I'm mostly talking about for jumping, but for any discipline, do you prefer a push or pull ride? I don't mean a horse that you are kicking every step, or a horse that bolts around the ring. But do you prefer a horse that needs a solid, strong leg and perhaps tries to add strides in a course, or goes too slow. OR, do you want a horse that likes to move fast, and possibly likes to try to remove strides in a course?

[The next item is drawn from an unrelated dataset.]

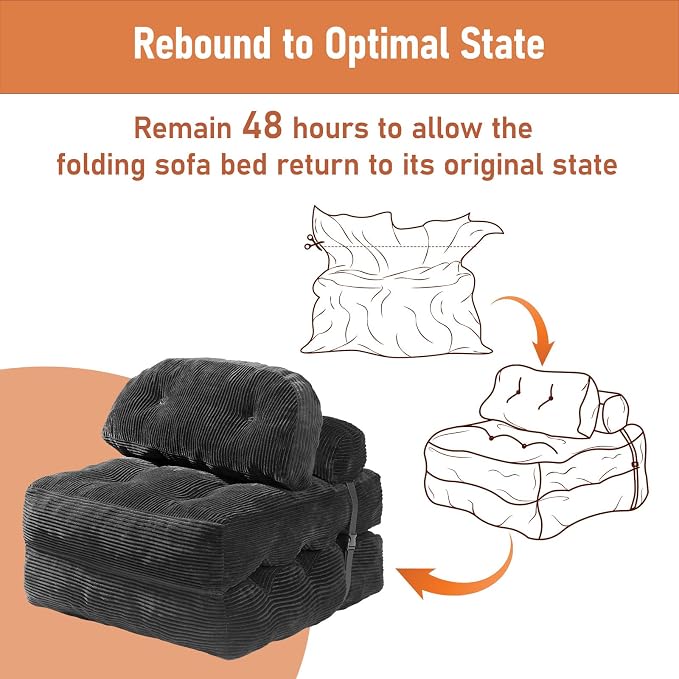 Folding Sofa Bed, Convertible Sleeper Chair - Image 9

Personally, I have strong legs and NO upper body, so I'm all for the push ride. I feel much more in control, and feel like I have time to plan and count out my strides


----------



## xx chico (Mar 12, 2009)

I prefer the pull ride. I like to go fast, it's a bad thing sometimes lol.


----------



## happygoose123 (Jan 19, 2009)

well my horse is a pull ride!! i dont mid it, it doesnt bother me at all! but sometimes i would prefer a push ride!! so i dont know!!! Lol!!!


----------



## happygoose123 (Jan 19, 2009)

i voted a push ride! i think i would prefer that! maybe... i still dont know lol! i dont mind either way but i would like to alternate!! lol!


----------



## wild_spot (Jan 30, 2008)

Pull ride, definately. I just find it a lot easier to bring back the forward than try to create it!


----------



## draftlover215 (Apr 2, 2009)

Definatly a pull ride. Push rides are frustrating to me. It's why I loved my Arabian SO much! He was always a pull ride. LOL


----------



## Equuestriaan (Nov 5, 2008)

Definitely a pull ride.. more exhilirating. Push rides just tire me out. >.>


----------



## smrobs (Jul 30, 2008)

I also have always prefered a horse that is a little "pushy". I would rather check them every now and then than have to keep constant leg pressure. All my horses stay in the gait that I set them in but they do it with energy and they are always ready to go when I ask. I don't like having to ask, then tell, then order to get something done. Lazy horses generally don't make good cow horses anyway.


----------



## Snaffle (Nov 5, 2008)

Pull ride. I don't have patience to support the sloths the entire ride.


----------



## Xoras (Sep 23, 2008)

Push ride. I'm a huge wimp, so the idea of going fast makes me nervous rather than excited.


----------